EXERCISE AIM: From the line containing "Guesthost - Le" through the last line of the listing, output each line exactly as it stands. Omit pictures.

(SOURCE MATERIAL begins)

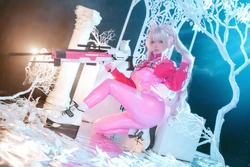 Seya狮砸 - 胜利女神：妮姬 爱丽丝 原皮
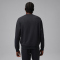 NIKE Paris Saint-Germain Hoop Fleece Crewneck Sweatshirt Herren 018 - oil grey S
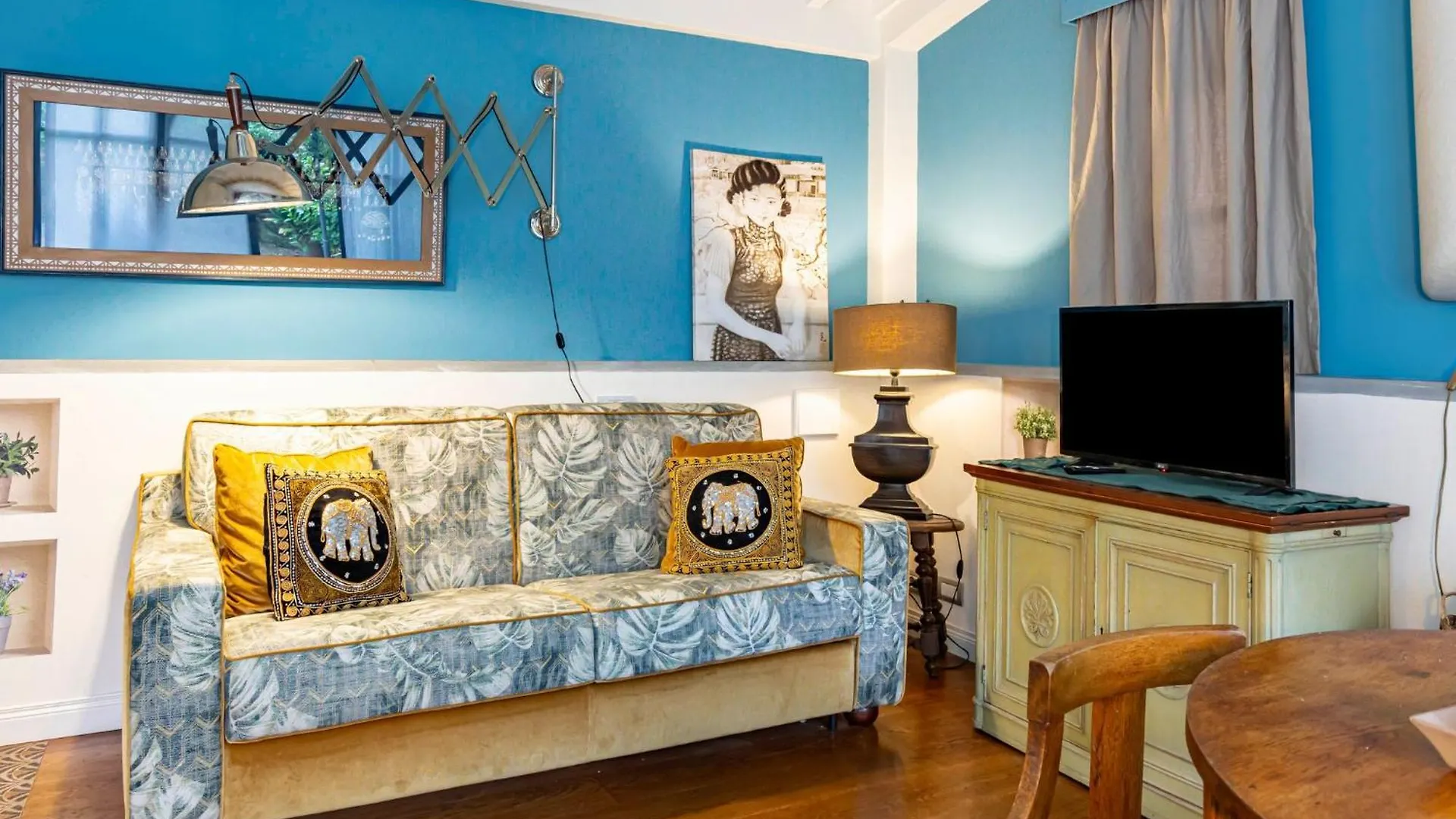 Guesthost - Le Serre Di Galileo Florenz Italien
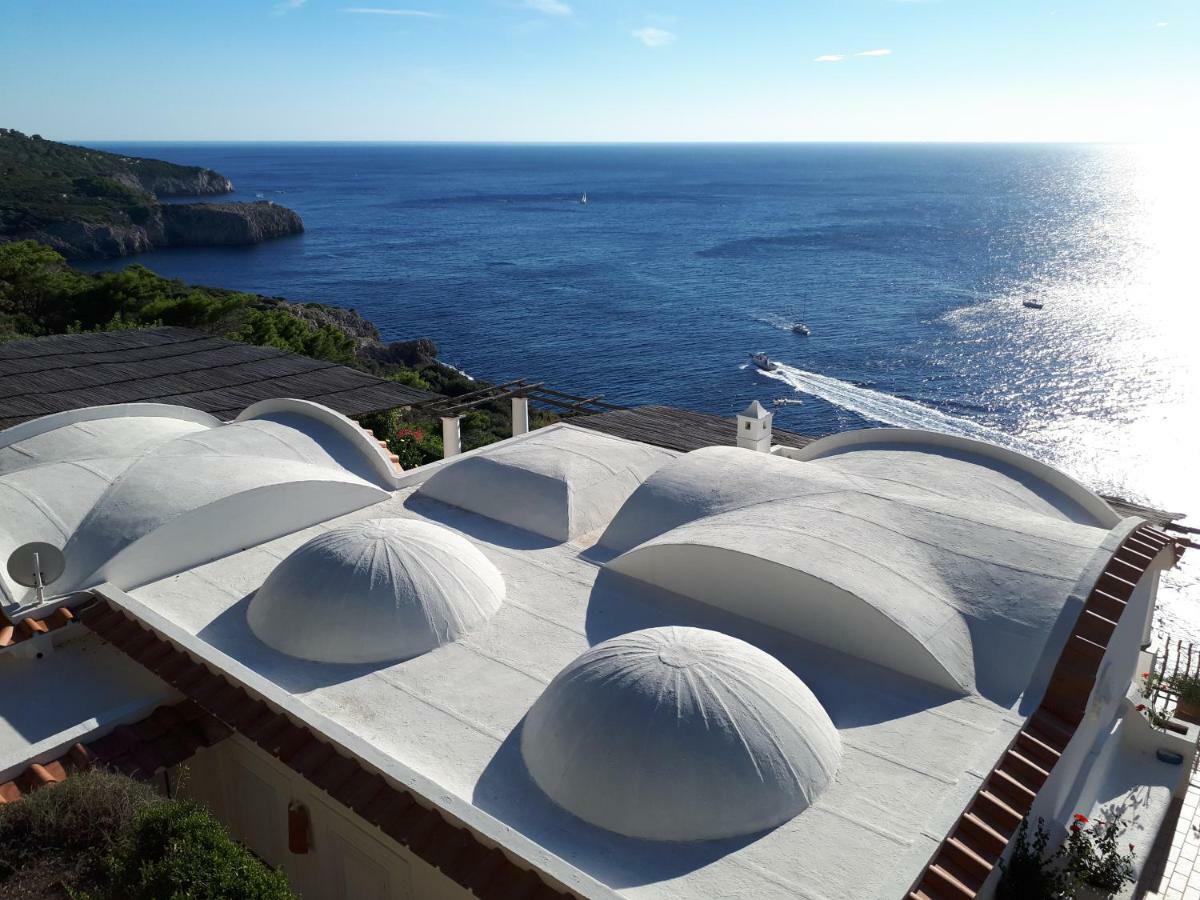 Casa Orrico - Blue Grotto - Anacapri Hotel Exterior photo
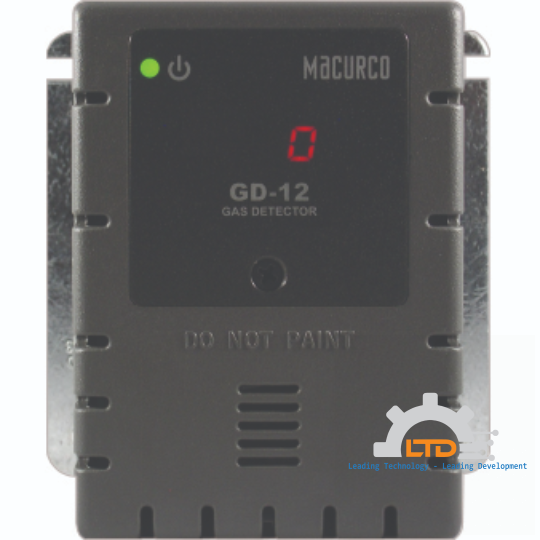 GD-6 / GD-12 Combustible Gas Monitor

(SOURCE MATERIAL ends)

RESULT FOR THIS EXERCISE:
 Guesthost - Le Serre Di Galileo Florenz Italien
 Casa Orrico - Blue Grotto - Anacapri Hotel Exterior photo
 GD-6 / GD-12 Combustible Gas Monitor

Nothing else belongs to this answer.